Nasdaq’s Upward Break Fails: What Happened?
In mid-March 2025, the Nasdaq veered off its prolonged upward trend and entered a decline. Fueled by the AI boom and low interest rates in recent years, the tech-driven index had been soaring.
But fears of rate hikes and macroeconomic uncertainty pushed it below its 200-day moving average (MA)—a signal many see as more than just a correction. Key players like Tesla (TSLA) and Nvidia (NVDA) dropped over 10%, shaking investor confidence.
This shift hints at waning appetite for risk-on assets. As investors pivot to safe havens, not just stocks but high-risk assets like Bitcoin could feel the heat.
Bitcoin and Nasdaq: An Inseparable Bond
Though often compared to gold, Bitcoin’s price action has historically aligned more closely with the Nasdaq.
Data from 2021-2022 shows a correlation coefficient of 0.7–0.8 with the Nasdaq, far stronger than with the S&P 500 (0.6) or gold (-0.1). When the Nasdaq plunged 33% in 2022, Bitcoin cratered over 65%, underscoring their tight linkage.
As of March 2025, Bitcoin hovers around $83,000. But with Nasdaq turning south, holding this level could prove tough. X chatter among investors suggests, “Bitcoin needs more time to stand alone like gold—it’s still tethered to tech stocks.”
Limits of Digital Gold: Macro Shadows
Bitcoin’s “gold” moniker stems from its capped 21-million-coin supply and perceived inflation-hedging power. Yet, unlike gold, which thrives as a safe haven in crises, Bitcoin behaves like a risk asset, often sold off during turmoil. A faltering Nasdaq could drive investors to cash or bonds, triggering Bitcoin outflows.

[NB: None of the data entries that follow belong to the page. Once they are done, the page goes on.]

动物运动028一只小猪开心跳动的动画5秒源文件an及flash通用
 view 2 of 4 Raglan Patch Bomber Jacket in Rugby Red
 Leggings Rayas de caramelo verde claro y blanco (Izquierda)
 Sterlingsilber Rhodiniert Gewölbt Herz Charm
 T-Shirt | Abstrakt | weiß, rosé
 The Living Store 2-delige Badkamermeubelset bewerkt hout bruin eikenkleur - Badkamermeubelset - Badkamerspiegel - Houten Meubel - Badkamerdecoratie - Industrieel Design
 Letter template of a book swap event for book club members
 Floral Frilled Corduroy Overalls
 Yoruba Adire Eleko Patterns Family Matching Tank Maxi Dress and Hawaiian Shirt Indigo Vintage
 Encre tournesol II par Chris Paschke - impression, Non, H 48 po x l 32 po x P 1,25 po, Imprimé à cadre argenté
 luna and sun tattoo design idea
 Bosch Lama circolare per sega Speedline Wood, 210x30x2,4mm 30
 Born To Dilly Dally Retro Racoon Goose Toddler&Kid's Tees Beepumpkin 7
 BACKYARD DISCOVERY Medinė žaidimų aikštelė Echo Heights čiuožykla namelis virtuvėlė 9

Despite tailwinds from the 2024 halving and ETF inflows, macroeconomic headwinds—like potential Fed rate hikes—could overshadow these positives, hitting both Nasdaq and Bitcoin with a liquidity squeeze.
$87,000 Dream: Still Within Reach?
Bitcoin bulls recently eyed $87,000 as a gateway to a renewed bull run, with technicals showing $80,000 as a solid support. But Nasdaq’s stumble throws a wrench in that plan. If the index drops another 5–10%, Bitcoin could slide to $75,000 in the short term. A swift Nasdaq rebound or a Bitcoin decoupling could shift the narrative, but evidence for the latter remains thin. For Bitcoin to truly shine as “digital gold,” it must weather these macro storms.
Conclusion: Bitcoin’s Fate?
Bitcoin may bask in its “digital gold” title, but it’s not yet free from Nasdaq’s orbit. With the index diverging from its rally, Bitcoin’s path looks rocky.
The $87,000 dream might need to wait. For investors, the key now is reading the market with a cool head. Nasdaq’s next move could cast a long shadow—or a fleeting one—over Bitcoin’s future.